** Stored data entries **
● ● ● ● ●

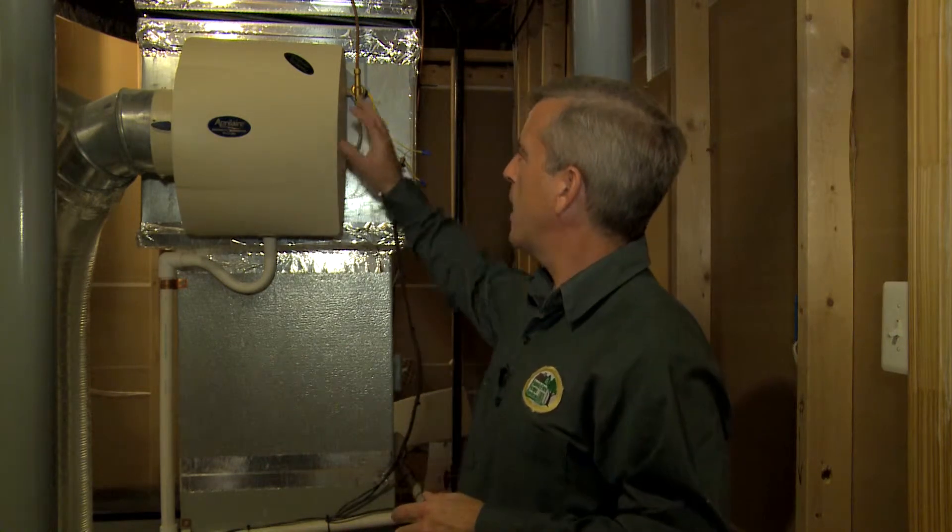One thing that you can do to make sure that your home stays nice and comfortable during the winter months is to ensure that you have the proper level of humidity. Homes get very dry in the winter, which can lead to personal discomfort. You can get individual room humidifiers, which will put moisture in the air, but you can also get a whole house humidifier.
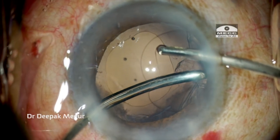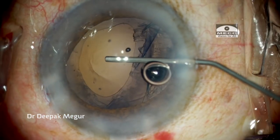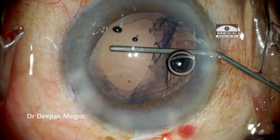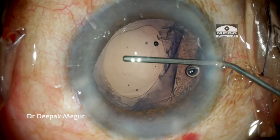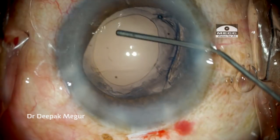The rhexis margin has become D-shaped and we can see that there is an area of zonular weakness, which is exemplified during cortex aspiration. So I am forming the bag, making the bag deep by injecting OVD. I prefer to use sodium hyaluronate in these situations.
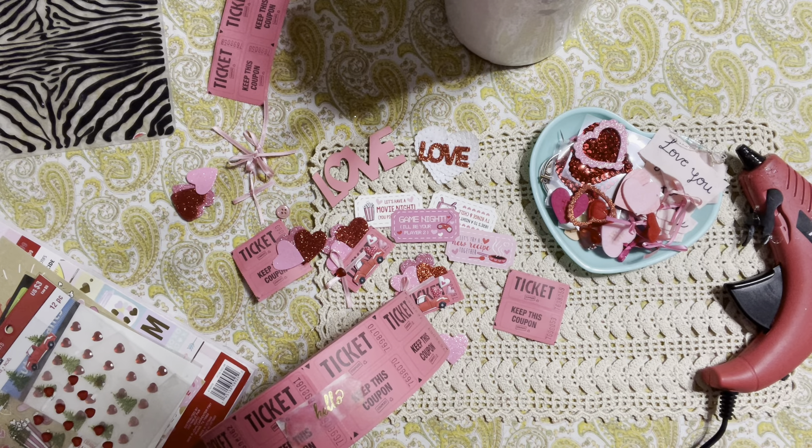Hello honey bunnies, welcome back, it's me Jenny. How is everyone doing today? My beautiful crafty friends, we are going to be making a really simple embellishment for Valentine's Day.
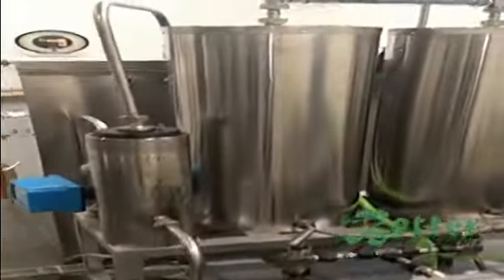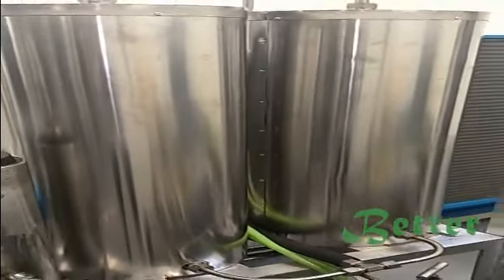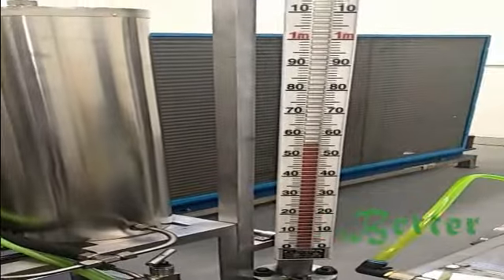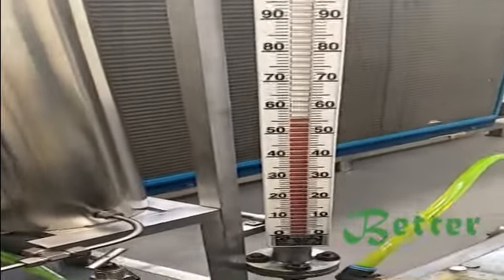Here is the accumulator to store the liquid CO2. This is the level meter of the liquid CO2. This is the highest level of the CO2, and this is the volume of the CO2.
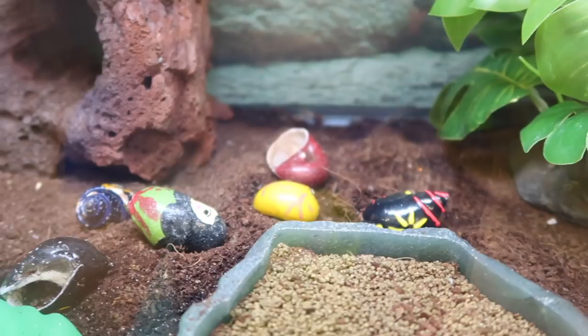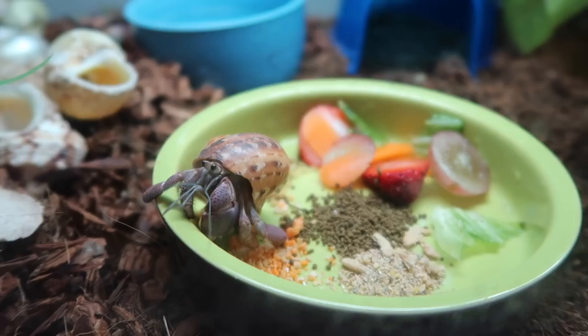Another thing I noticed is that the shell options for hermit crabs to move into as they molt and grow are unfortunately all painted shells. Obviously this is expected — it's used to make the crabs flashy and encourage kids to want to buy them, even though they typically die within the first few weeks of kids owning them. Hermit crabs, especially from pet stores, are just one of the most neglected pets you can get. They are also 99.999 percent wild-caught, which is something to remember.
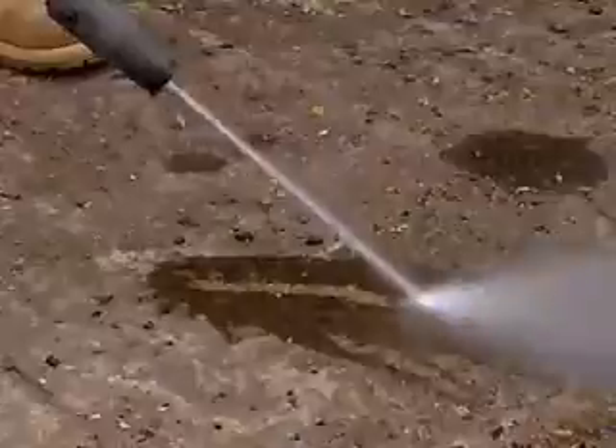This pressure washer sprays around 8 litres of water per minute at up to 1,650 psi. It's so powerful that if you held the nozzle too close to your skin, it could burn it off.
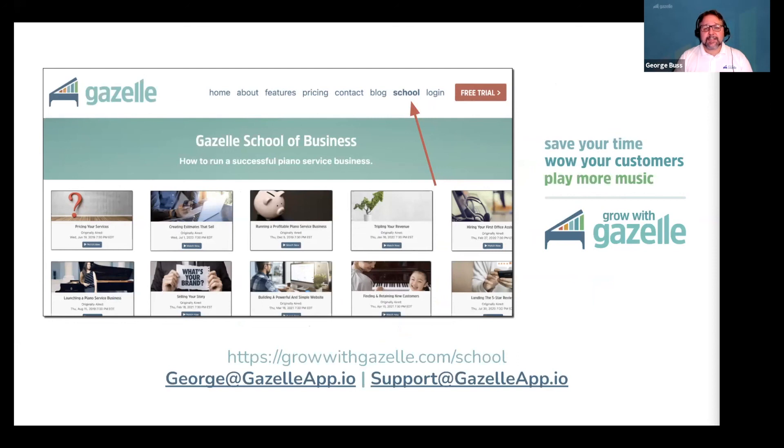Gazelle School of Business is a free resource that covers every topic you can imagine related to building and running a piano service business. Here at Gazelle, we focus on technicians that are frustrated by inefficient scheduling of appointments, struggling to keep up with sending out estimates and invoices on time, and lacking enough monthly revenue to be consistently profitable. The team at Gazelle is excited to help you find the tools you need to save your time and wow your customers so you can focus on growing your business and doing what you enjoy most.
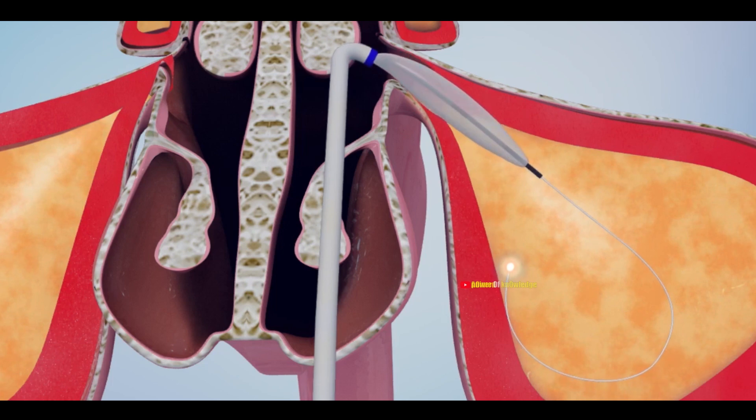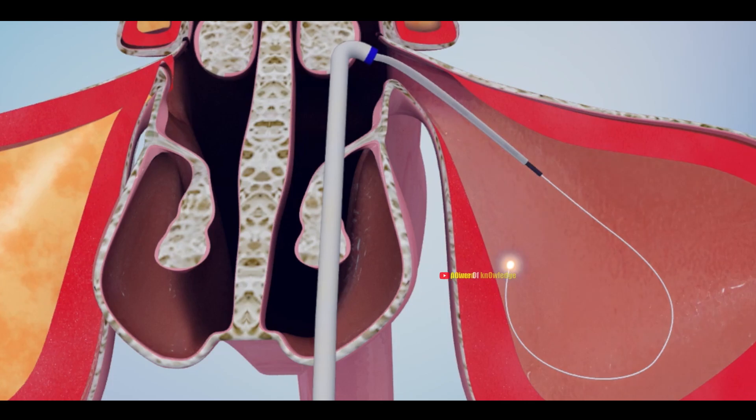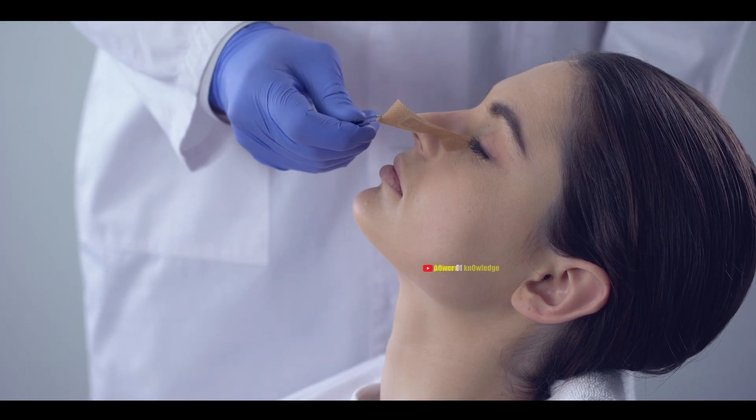After inflation, the balloon is deflated and removed, allowing trapped mucus to drain. This procedure is safe and useful, and you can go back home on the same day.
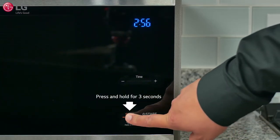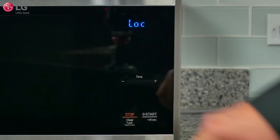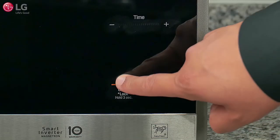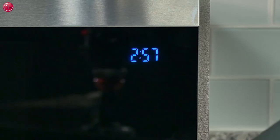To lock the unit, press and hold the Stop/Clear button for three seconds until 'LOC' appears in the display and a melody sounds. To unlock the unit, press and hold the Stop/Clear button for three seconds until the set time appears in the display.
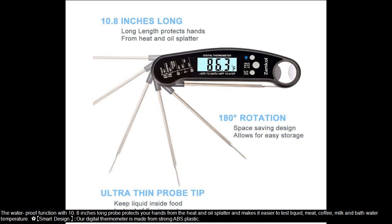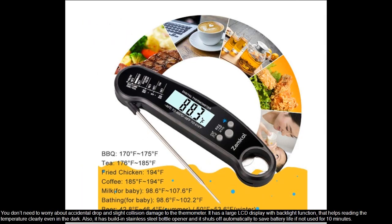Smart design — our digital thermometer is made from strong ABS plastic, so you don't need to worry about accidental drops or slight collision damage. It has a large LCD display with a backlight function that helps reading the temperature clearly even in the dark. It also has a built-in stainless steel bottle opener and shuts off automatically to save battery life if not used for 10 minutes.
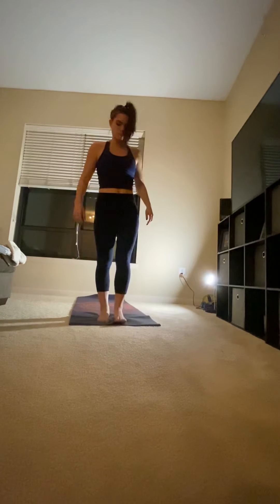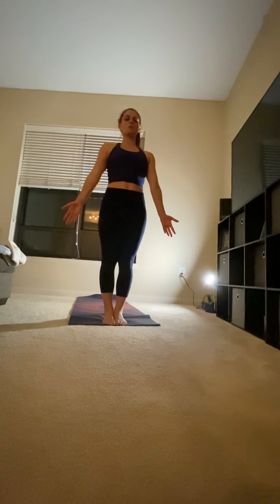Hi, this is Nikki for Sun Salutation C. Starting at the top of your mat in mountain pose. Feet together, toes and ankles touching, palms face forward, shoulders away from your ears.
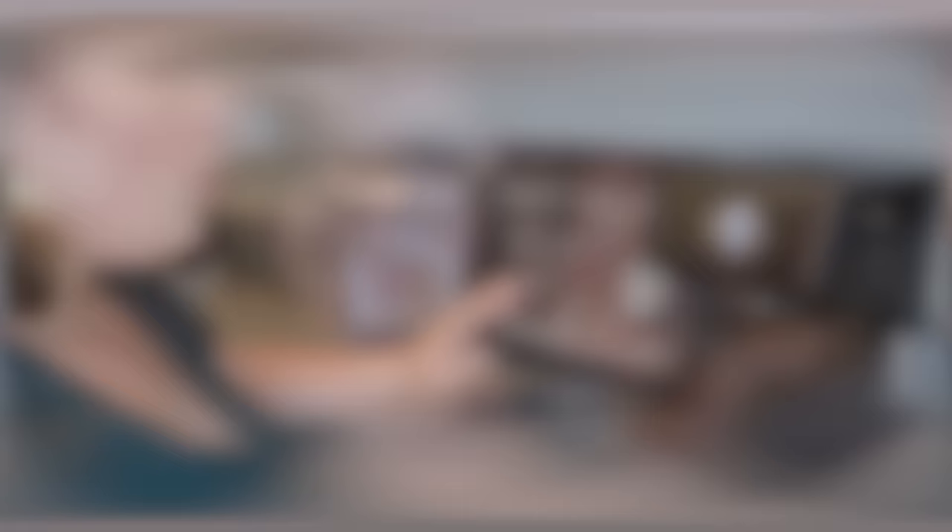I hope you find this video helpful if you're in the market for a new espresso machine. Make sure to give this video a big thumbs up and don't forget to subscribe to my channel and become part of this big family. With that being said, let's jump right into the review!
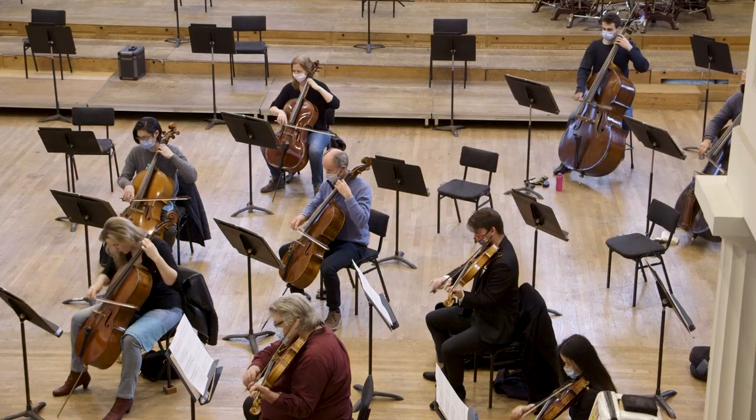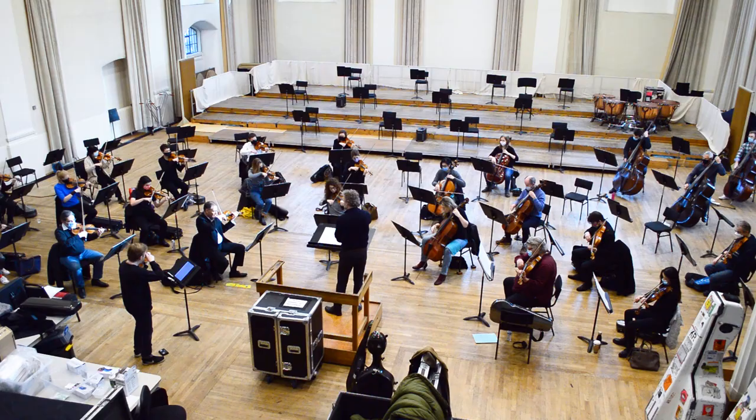The piece came out of a large project by the Swedish Chamber Orchestra, where they commissioned six composers to write companion pieces to all the Brandenburg concertos. This piece is related to number three.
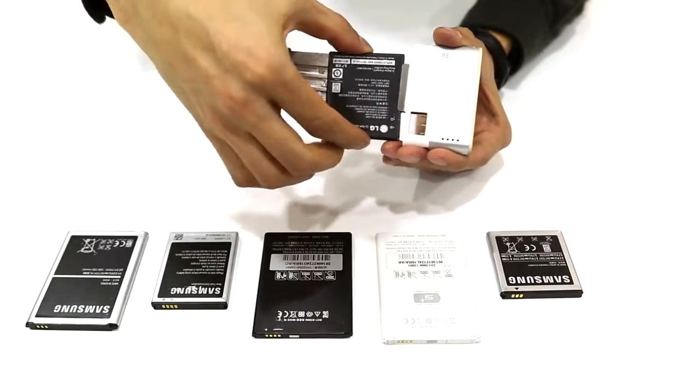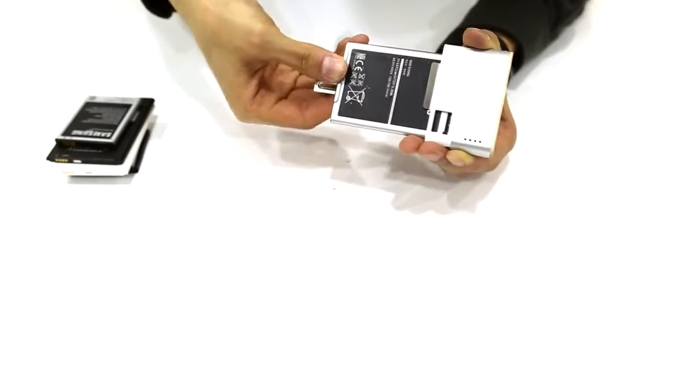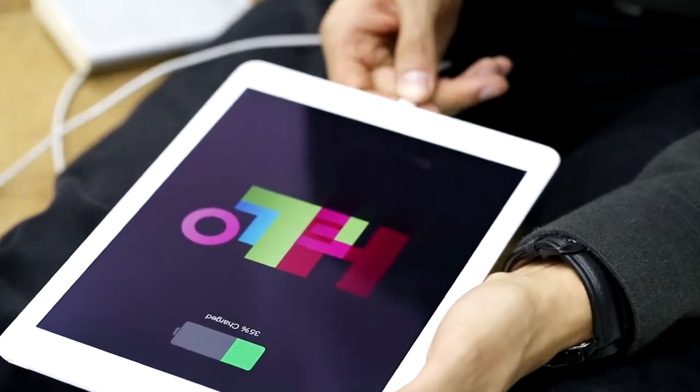It doesn't matter how big or how thick your battery is — simply insert your battery. Just open your Better-ree and clip your battery in place. When you need a battery boost, you can charge your mobile device at your convenience, anytime, anywhere.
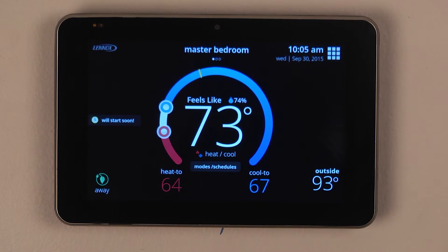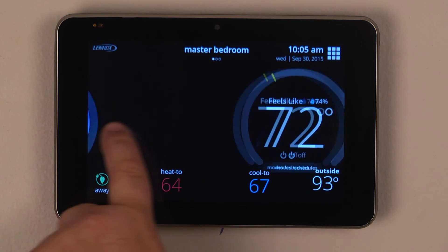You can set the zone temperatures individually by the remote sensors in each room, or if you're at the main controller, a simple swipe from right to left will switch over to the individual zones.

● ● ● ● ●

** REQUIRED ACTION **
The answer should consist only of the lines above from the one with "After inflation, the" through the one with "Smart design —", repeated exactly, with no pictures among them.

** EXERCISE RESPONSE **
After inflation, the balloon is deflated and removed, allowing trapped mucus to drain. This procedure is safe and useful, and you can go back home on the same day.
To lock the unit, press and hold the Stop/Clear button for three seconds until 'LOC' appears in the display and a melody sounds. To unlock the unit, press and hold the Stop/Clear button for three seconds until the set time appears in the display.
Smart design — our digital thermometer is made from strong ABS plastic, so you don't need to worry about accidental drops or slight collision damage. It has a large LCD display with a backlight function that helps reading the temperature clearly even in the dark. It also has a built-in stainless steel bottle opener and shuts off automatically to save battery life if not used for 10 minutes.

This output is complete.